AIM OF THE EXERCISE:
Your output must be the lines below from the line containing "莴笋炒香菇的做法步骤：4" to the line containing "Indische Münzen Bilder.", both lines included, reproduced exactly and without pictures.

MATERIAL SUPPLIED:
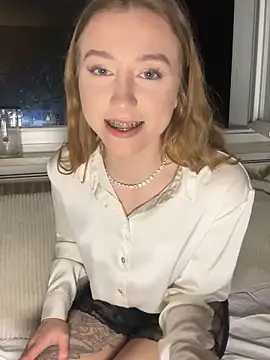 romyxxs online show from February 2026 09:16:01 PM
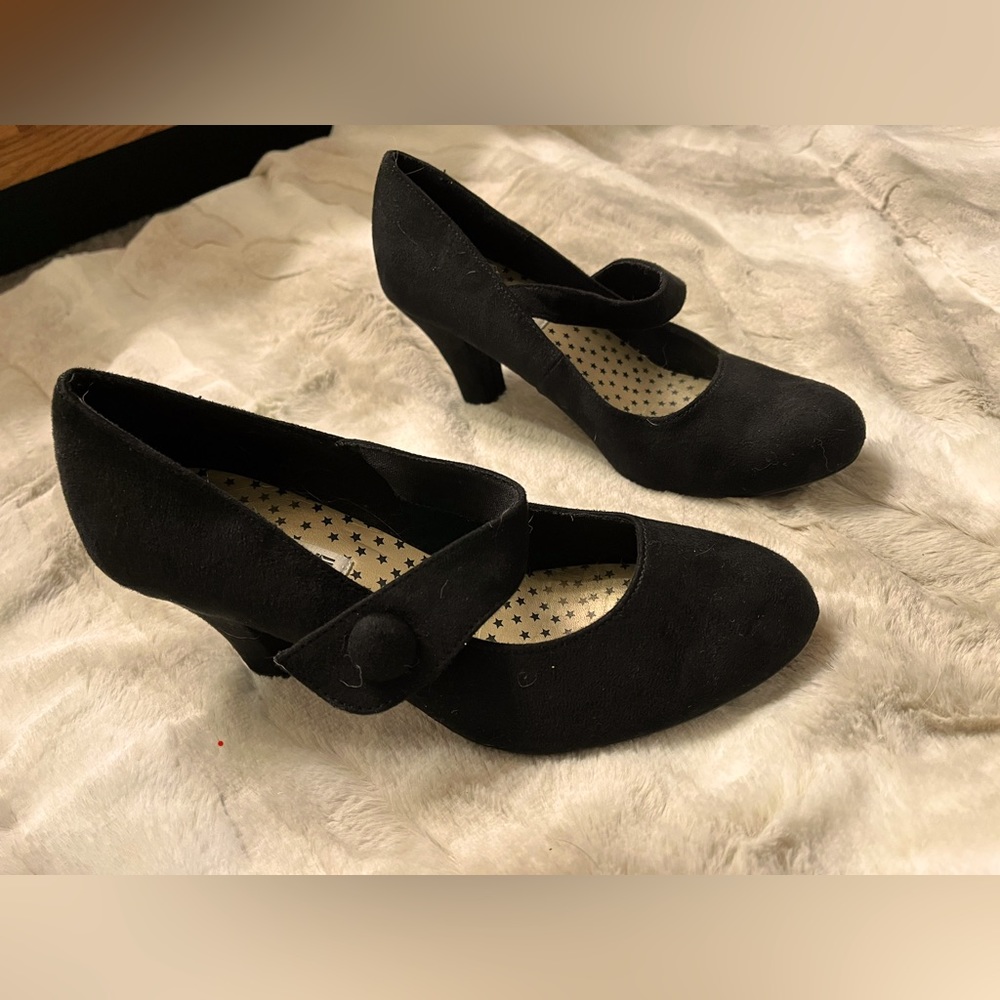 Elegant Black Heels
...
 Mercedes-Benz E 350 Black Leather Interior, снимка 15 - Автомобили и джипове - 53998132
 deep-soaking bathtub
==
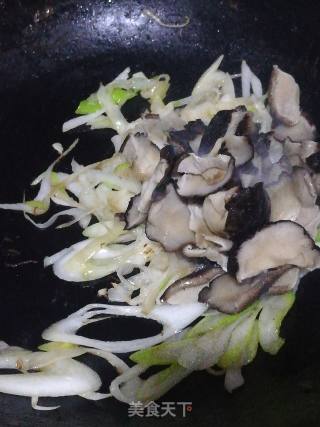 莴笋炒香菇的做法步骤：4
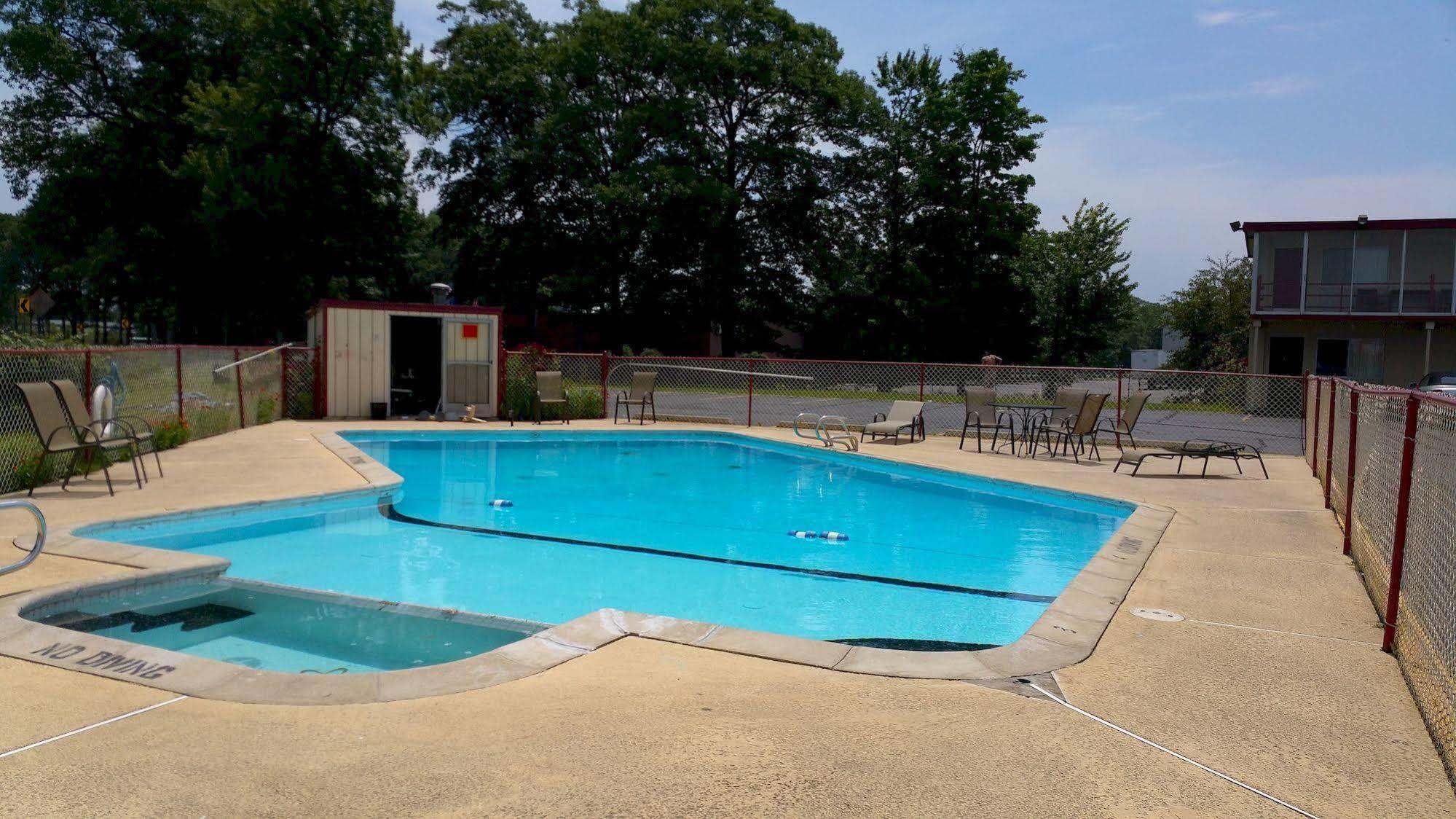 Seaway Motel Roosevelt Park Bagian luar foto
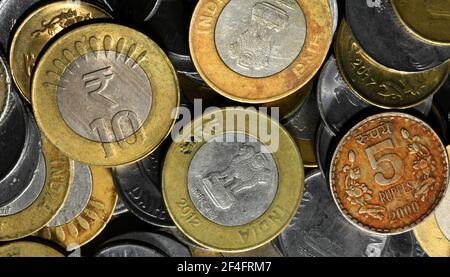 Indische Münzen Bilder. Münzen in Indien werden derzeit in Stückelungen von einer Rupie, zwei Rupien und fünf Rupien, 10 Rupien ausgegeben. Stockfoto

COMPLETED TASK:
 莴笋炒香菇的做法步骤：4
 Seaway Motel Roosevelt Park Bagian luar foto
 Indische Münzen Bilder. Münzen in Indien werden derzeit in Stückelungen von einer Rupie, zwei Rupien und fünf Rupien, 10 Rupien ausgegeben. Stockfoto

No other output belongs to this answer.